Short descriptive text snippets

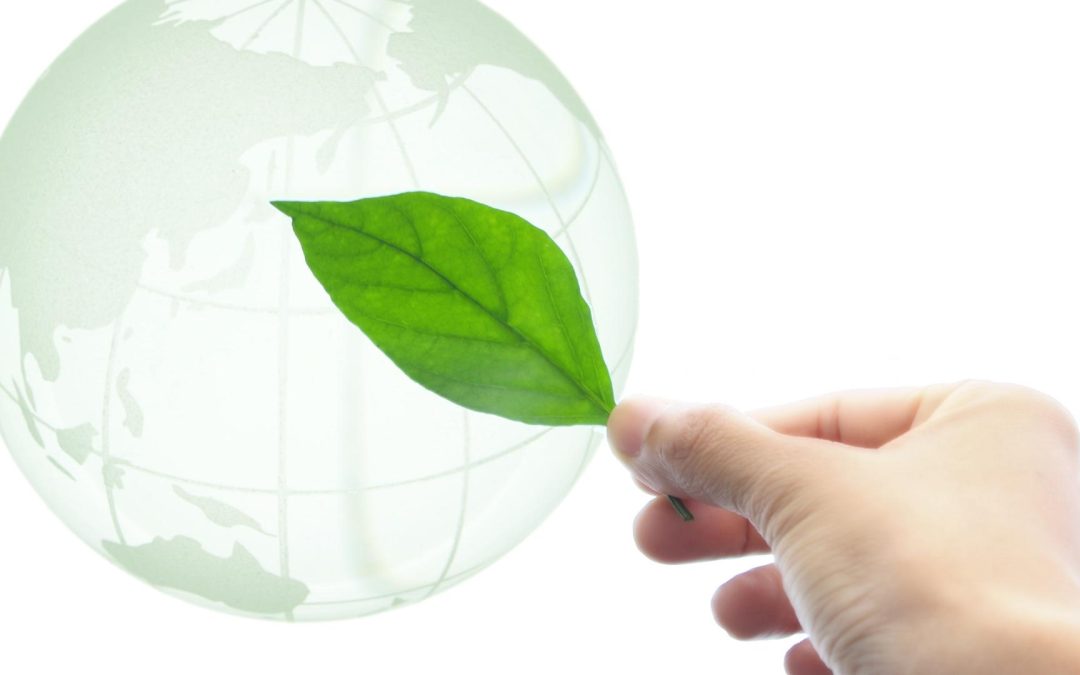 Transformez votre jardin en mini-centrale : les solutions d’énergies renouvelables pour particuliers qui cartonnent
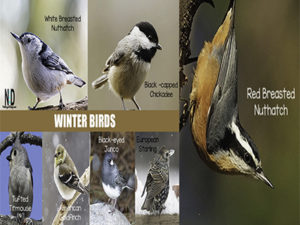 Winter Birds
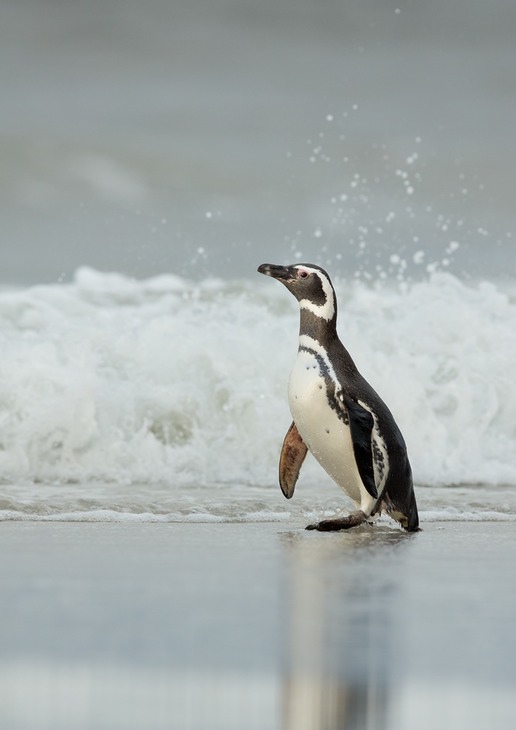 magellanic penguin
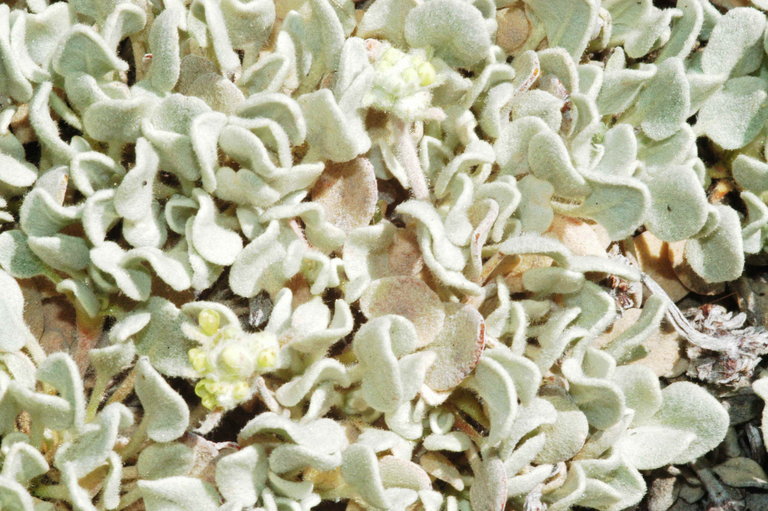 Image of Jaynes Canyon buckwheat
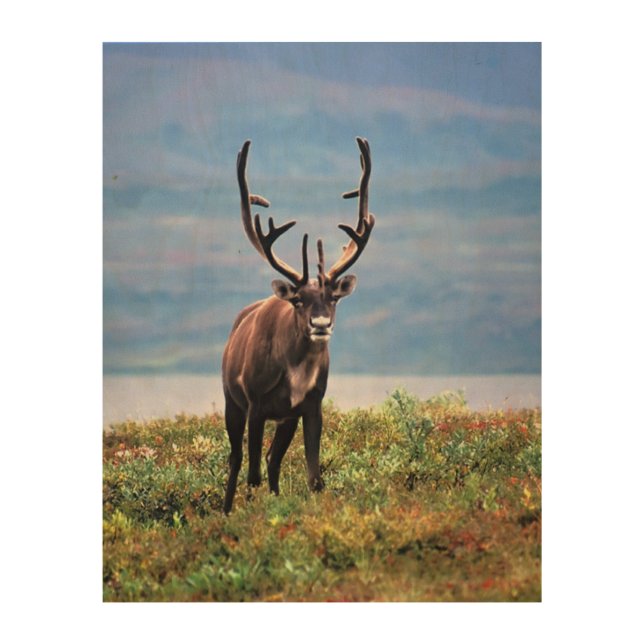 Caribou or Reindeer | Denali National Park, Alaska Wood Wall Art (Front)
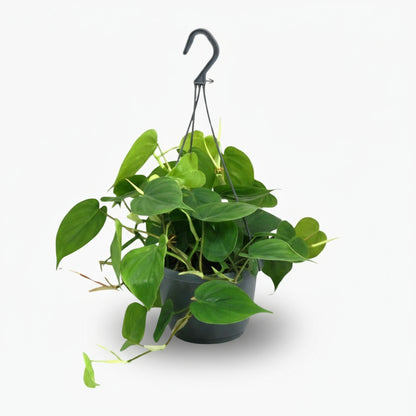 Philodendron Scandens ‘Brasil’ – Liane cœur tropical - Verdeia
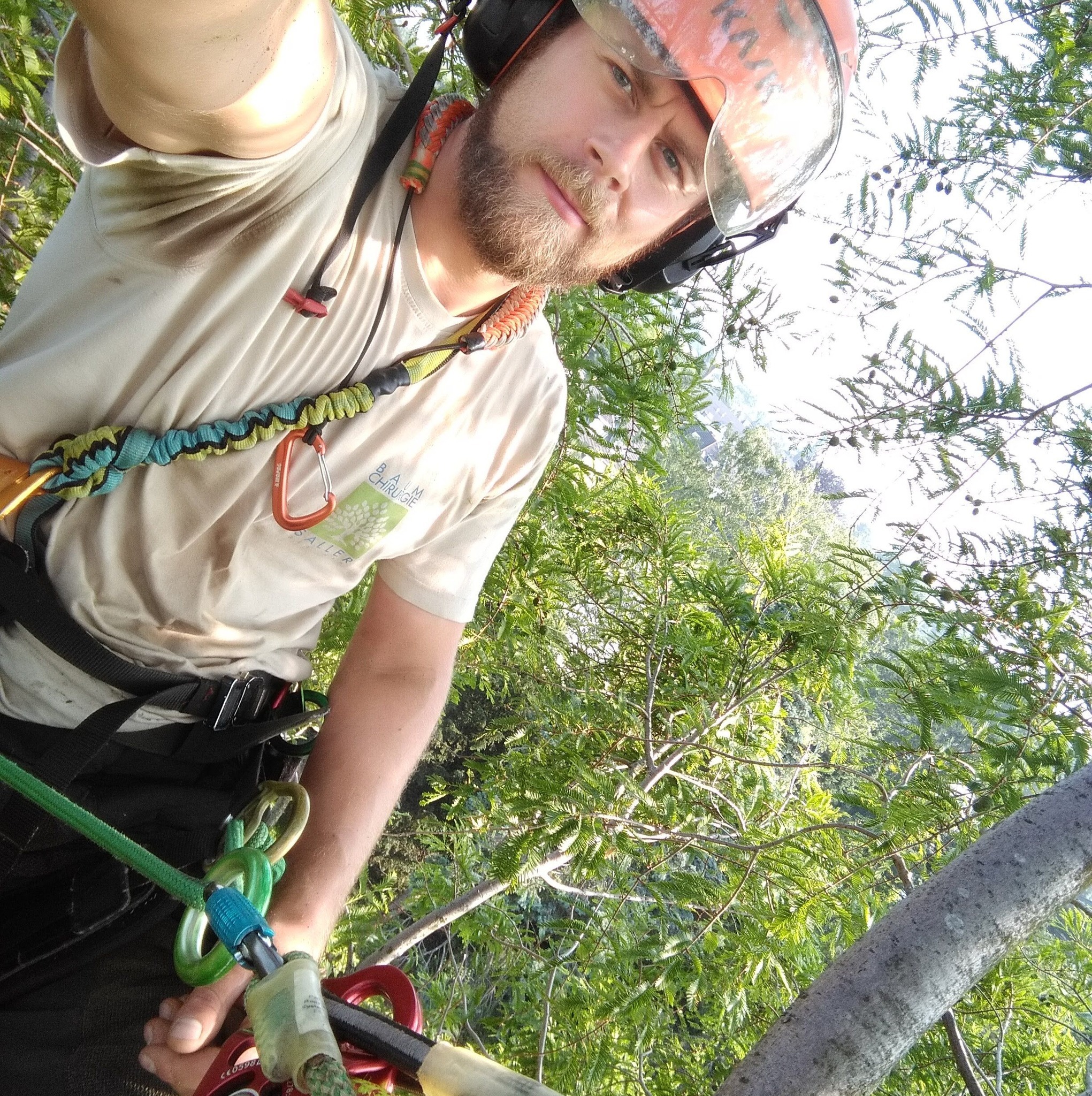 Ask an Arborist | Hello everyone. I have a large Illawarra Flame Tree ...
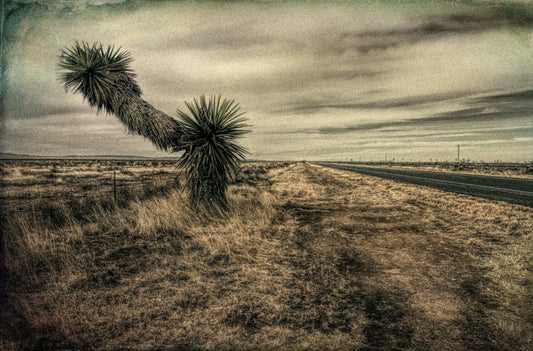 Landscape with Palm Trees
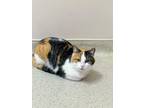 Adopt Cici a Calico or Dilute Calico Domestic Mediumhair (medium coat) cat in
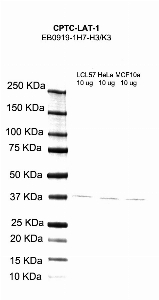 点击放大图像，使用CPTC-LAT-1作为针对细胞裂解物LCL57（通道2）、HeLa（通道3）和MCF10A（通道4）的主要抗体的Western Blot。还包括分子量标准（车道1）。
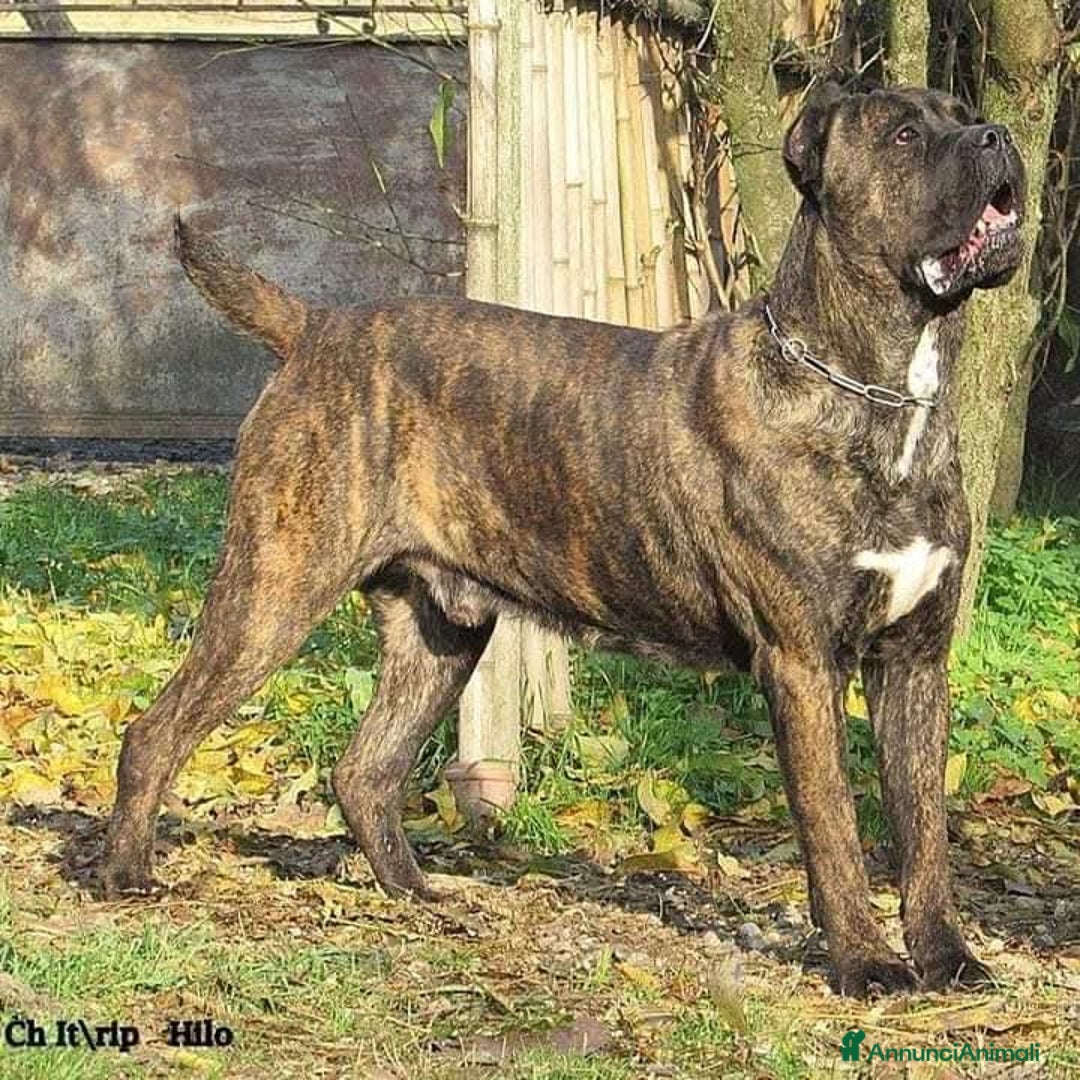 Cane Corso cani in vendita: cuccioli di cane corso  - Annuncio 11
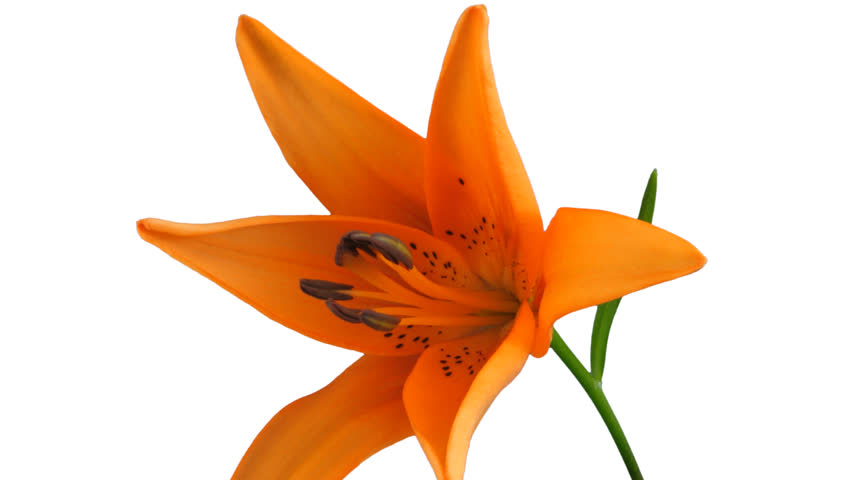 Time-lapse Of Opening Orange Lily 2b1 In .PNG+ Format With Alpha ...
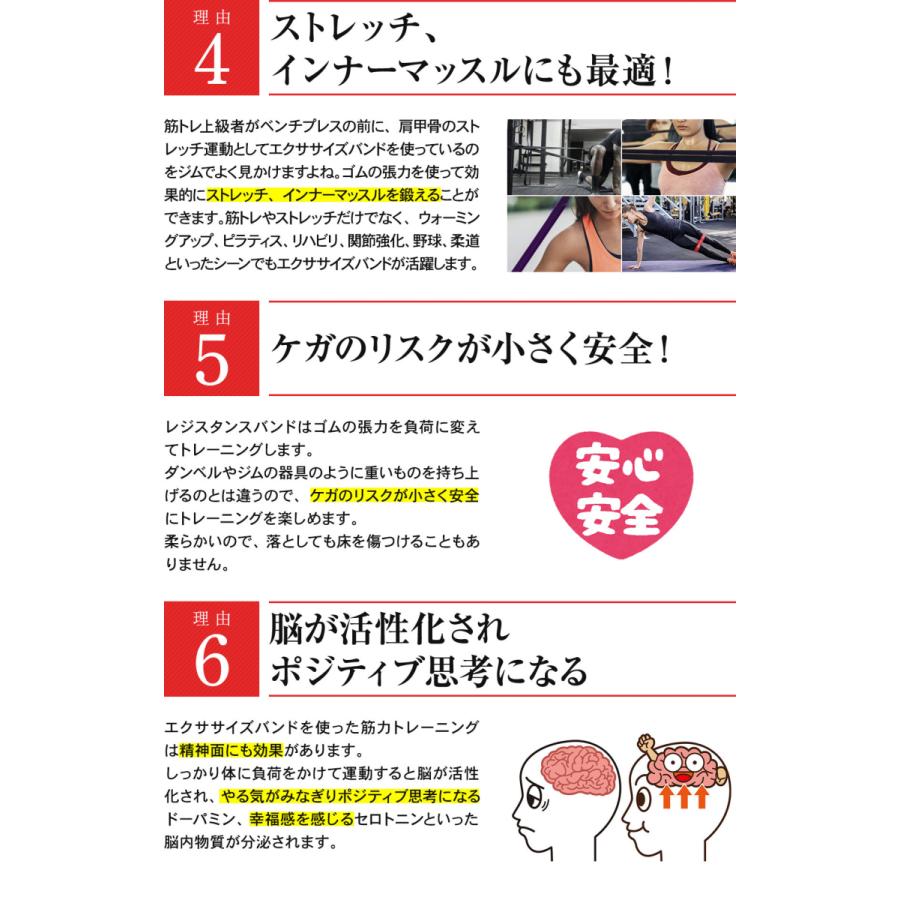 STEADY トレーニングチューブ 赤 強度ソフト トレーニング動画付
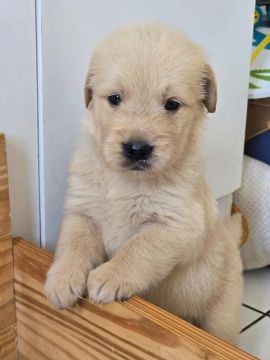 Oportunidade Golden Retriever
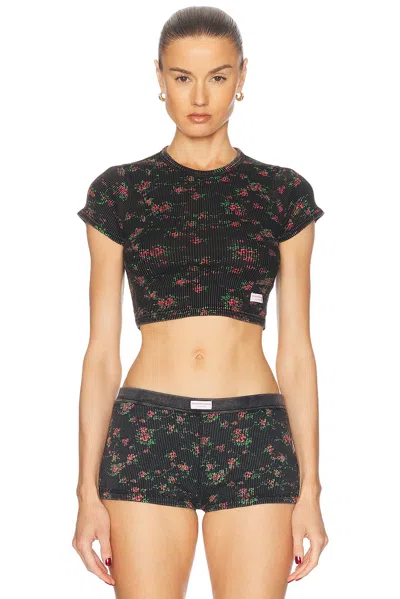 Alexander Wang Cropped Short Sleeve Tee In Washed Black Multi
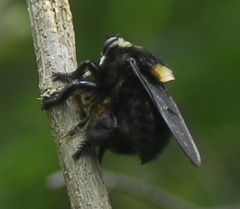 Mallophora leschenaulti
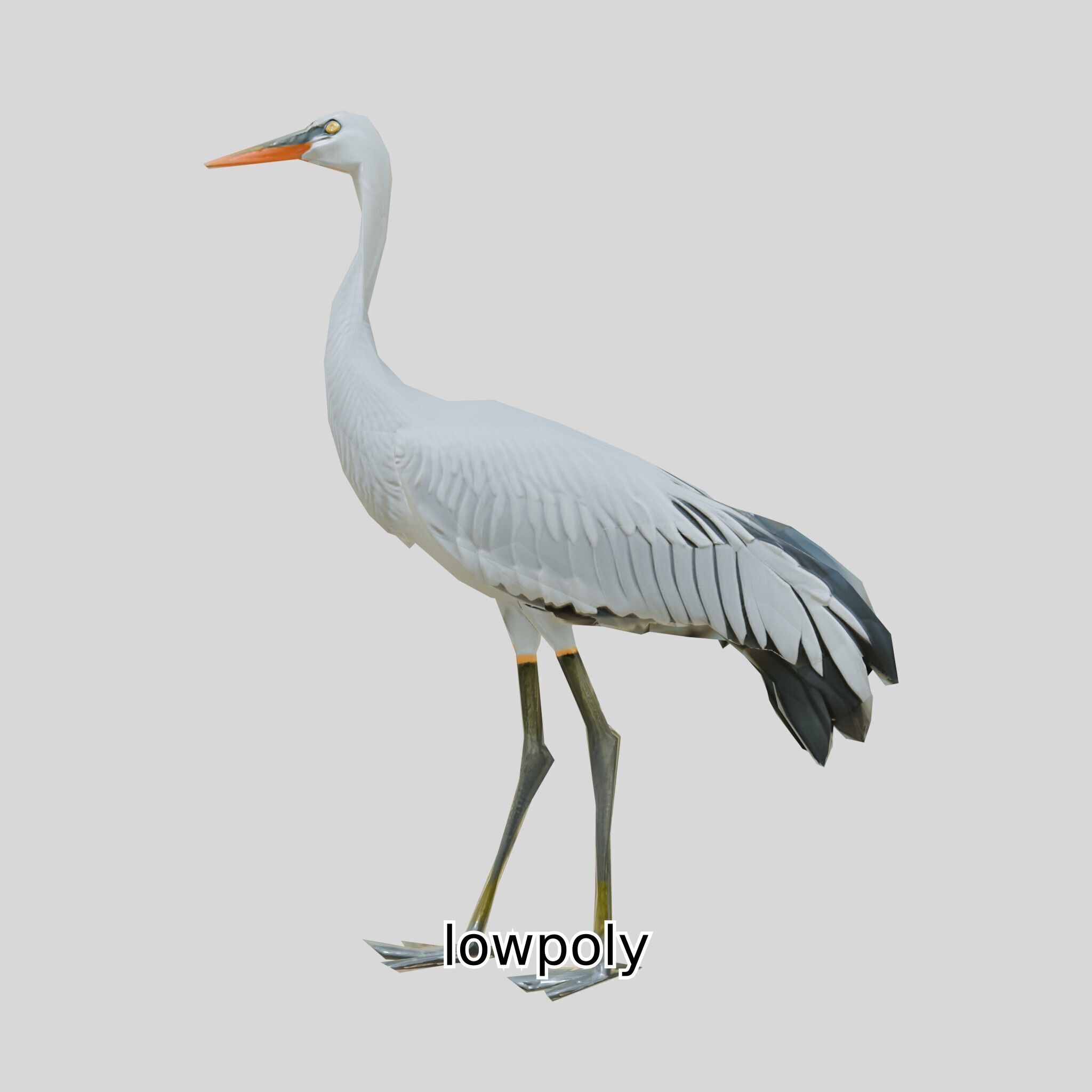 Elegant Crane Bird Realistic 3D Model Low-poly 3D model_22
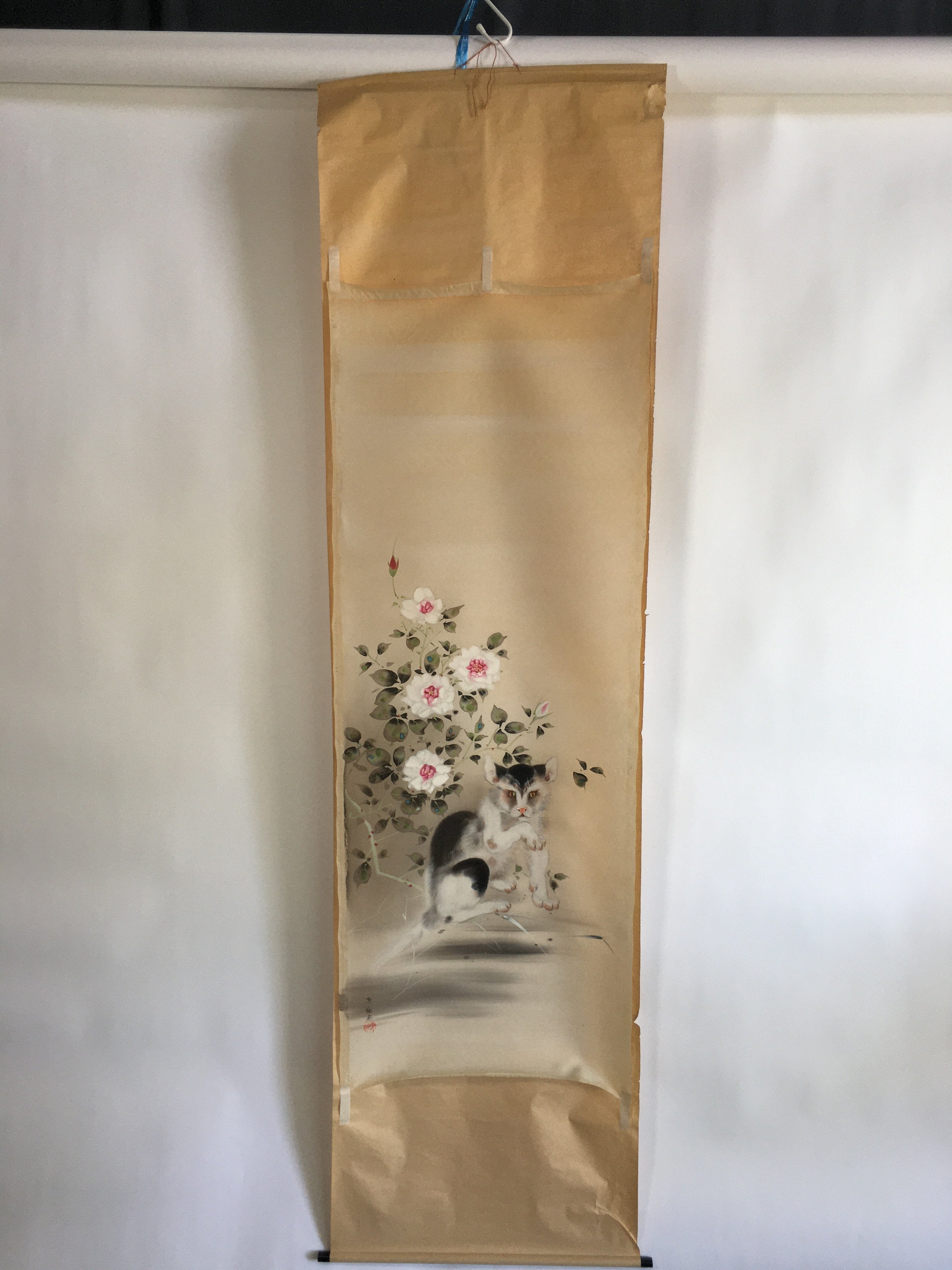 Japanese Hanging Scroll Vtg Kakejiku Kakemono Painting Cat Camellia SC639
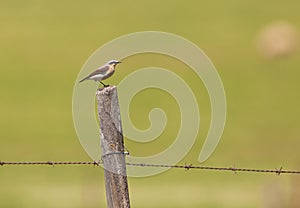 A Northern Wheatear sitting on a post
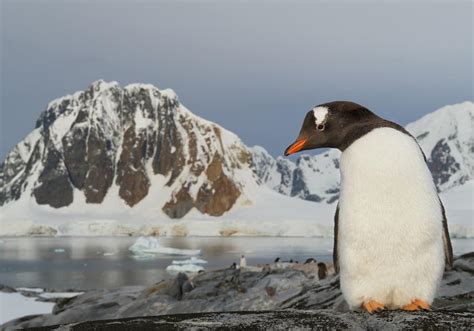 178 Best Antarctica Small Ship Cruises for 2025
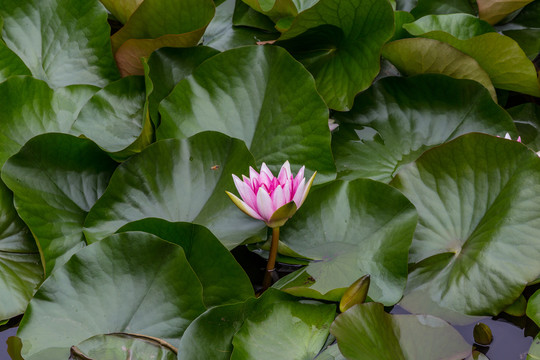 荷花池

PROBLEM DESCRIPTION
What belongs in the answer is each line above from the line with "Ask an Arborist" to the line with "Cane Corso cani", inclusive, reproduced exactly and free of pictures.

RESPONSE TO THE TASK
 Ask an Arborist | Hello everyone. I have a large Illawarra Flame Tree ...
 Landscape with Palm Trees
 Adopt Cici a Calico or Dilute Calico Domestic Mediumhair (medium coat) cat in
 点击放大图像，使用CPTC-LAT-1作为针对细胞裂解物LCL57（通道2）、HeLa（通道3）和MCF10A（通道4）的主要抗体的Western Blot。还包括分子量标准（车道1）。
 Cane Corso cani in vendita: cuccioli di cane corso  - Annuncio 11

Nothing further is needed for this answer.